Men, political moderates and Catholics increasingly cool with the gays

According to a recent Gallup poll, Americans are becoming increasingly likely to deem homosexuality “morally acceptable.” Lisa at Sociological Images has a full breakdown of the findings, but here are some of the most surprising (and encouraging) gains since Gallup last conducted this poll in 2006:

  • In the last four years, the number of Catholics polled who called gay and lesbian relations “morally acceptable” increased by 16%.
  • In the same time period, the number of self-identified political moderates who called gay and lesbian relations “morally acceptable” increased by 14%.
  • When the data were analyzed by gender and age group, the most rapidly growing rate of acceptance is among men between the ages of 18 and 49. In 2006, 42% of people in this group deemed gay and lesbian relations “morally acceptable.” Now, it is 62%, a whopping 20% increase in only four years.

Keep it up, Catholics, political moderates and men between the ages of 18 and 49!

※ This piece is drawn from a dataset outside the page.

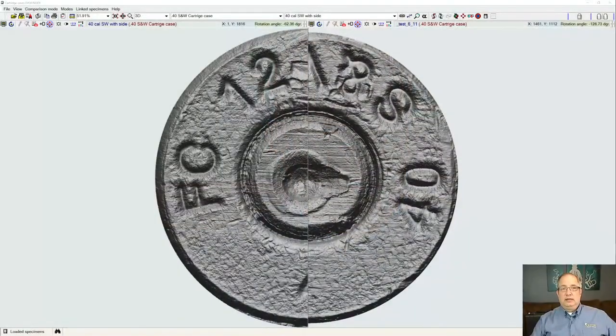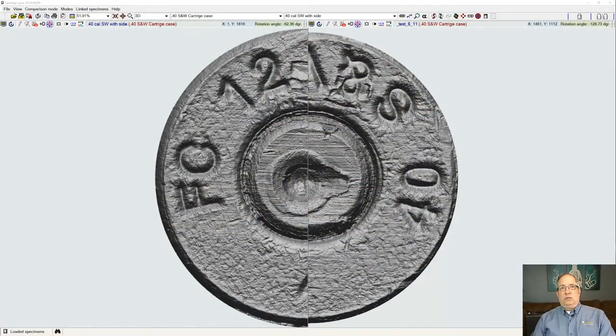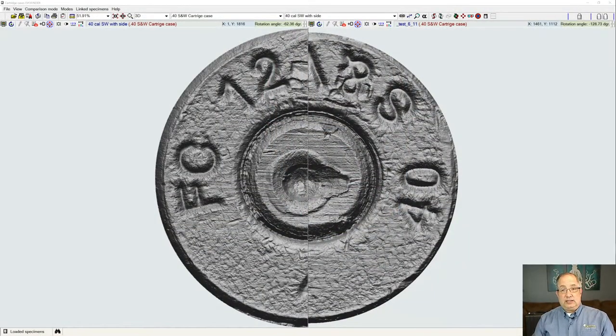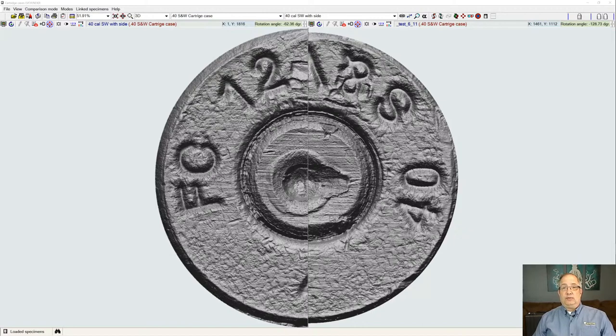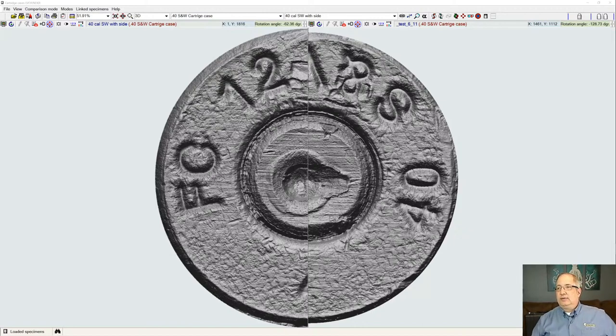If at any time you have questions during this, please type them in. We'll check at the end and we'll be able to answer the questions that you may have. Now getting into the first point, I'm going to go over to the EvoFinder software. We'll go over the sections of the EvoFinder software starting with the Ballistic Identification Scanning System itself.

There’s more analysis by Gallup here, and further discussions of how the numbers change when a poll asks about “homosexuality” vs. “gay and lesbian relations” here.

New York, NY

Chloe Angyal is a journalist and scholar of popular culture from Sydney, Australia. She joined the Feministing team in 2009. Her writing about politics and popular culture has been published in The Atlantic, The Guardian, New York magazine, Reuters, The LA Times and many other outlets in the US, Australia, UK, and France. She makes regular appearances on radio and television in the US and Australia. She has an AB in Sociology from Princeton University and a PhD in Arts and Media from the University of New South Wales. Her academic work focuses on Hollywood romantic comedies; her doctoral thesis was about how the genre depicts gender, sex, and power, and grew out of a series she wrote for Feministing, the Feministing Rom Com Review. Chloe is a Senior Facilitator at The OpEd Project and a Senior Advisor to The Harry Potter Alliance. You can read more of her writing at

Chloe Angyal is a journalist and scholar of popular culture from Sydney, Australia.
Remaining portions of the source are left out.